Figure 2. Post transitional modification of PP2A

PP2A is being regulated by post translation modification, auto-regulation, subunit diversity and substrate protein interaction. Phosphorylation and methylation are two major modifications that have been shown to modulate PP2A subunit associations and catalytic efficiency. Upon reversible phosphorylation of tyrosine residue 307 (located in the C-terminal part of PP2A catalytic subunit) by receptor associated tyrosine kinases (pp60^v-src, pp56^lck, EGF and insulin receptors) results in decreased phosphatase activity of PP2A. In addition to tyrosine phosphorylation, PP2A can also be auto-phophorylated on threonine residues by activated protein kinases. Apart from the PP2A catalytic subunit, the regulatory subunits are also subjected to phosphorylation. Notably, PR61δ by PKA and PR 61α by PKR are the best evidence for the change in the PP2A activity. Similarly, methylation of PP2A occurs at leucine 309 residue by PP2A-methyltransferase and enhances the binding affinity of the AC core dimer toward a distinct regulatory subunit.
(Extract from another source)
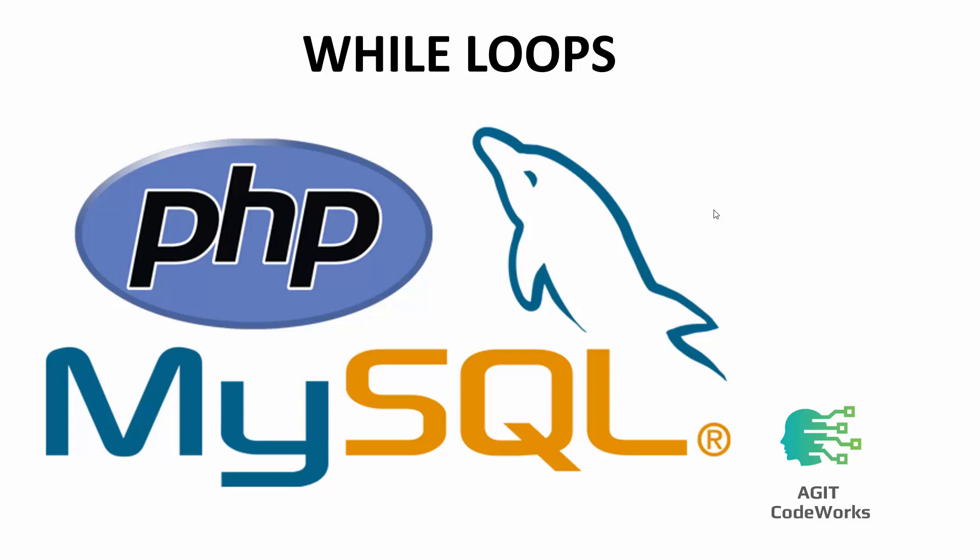What's going on guys and welcome today to AGIT CodeWorks. This is the ninth installment in the series Web Development using PHP and MySQL. In this particular tutorial we'll be looking at something called while loops.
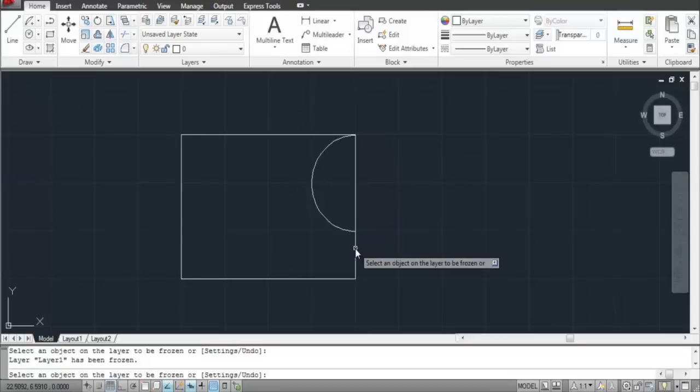However, AutoCAD does not freeze the current layer that you are working on. All of the objects present in this layer disappear. This allows you to work easily while designing complex drawings. Furthermore, it allows AutoCAD to run faster as the workload gets reduced.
Figure 3. Representation of PP2A regulation and signaling pathways

Methylation and phosphorylation are two major post translation modifications of PP2A. The conserved sequence TPDYFL in PP2Ac undergoes phosphorylation and methylation, respectively. Phosphorylation of Y307 by receptor associated tyrosine kinases effectively decreases the PP2A activity by inhibiting the interaction of the catalytic subunit with the scaffold subunit. On the other hand, the addition of the methyl group to PP2Ac by LCMT1 at L309 by PP2A-methyltransferase (PPMT) will enhance the specific binding of the AC dimer to the distinct B regulatory subunit providing the enzymatic activity. PP2A activity is indispensable for every cell and takes part in the majority of the cellular pathways. Phosphorylation at Thr-308 and Ser-473 leads to activation of Akt and is associated with PP2A activation. PP2A also possesses a vital role in the Wnt signaling pathway and phosphorylation of PP2A-B56 directs the activation of the Wnt pathway. In addition to these pathways, PP2A activity is indispensable in apoptosis. BAD (pro-apoptotic) and Bcl-2 are also regulated by PP2A. Phosphorylation of BAD suppresses, and its dephosphorylation by PP2A promotes pro-apoptotic activity. In addition, phosphorylation of Bcl-2 activates, and its dephosphorylation by PP2A suppresses anti-apoptotic activity. Thus, this diagrammatic representation will elucidate the importance of PP2A during cell growth survival and apoptosis.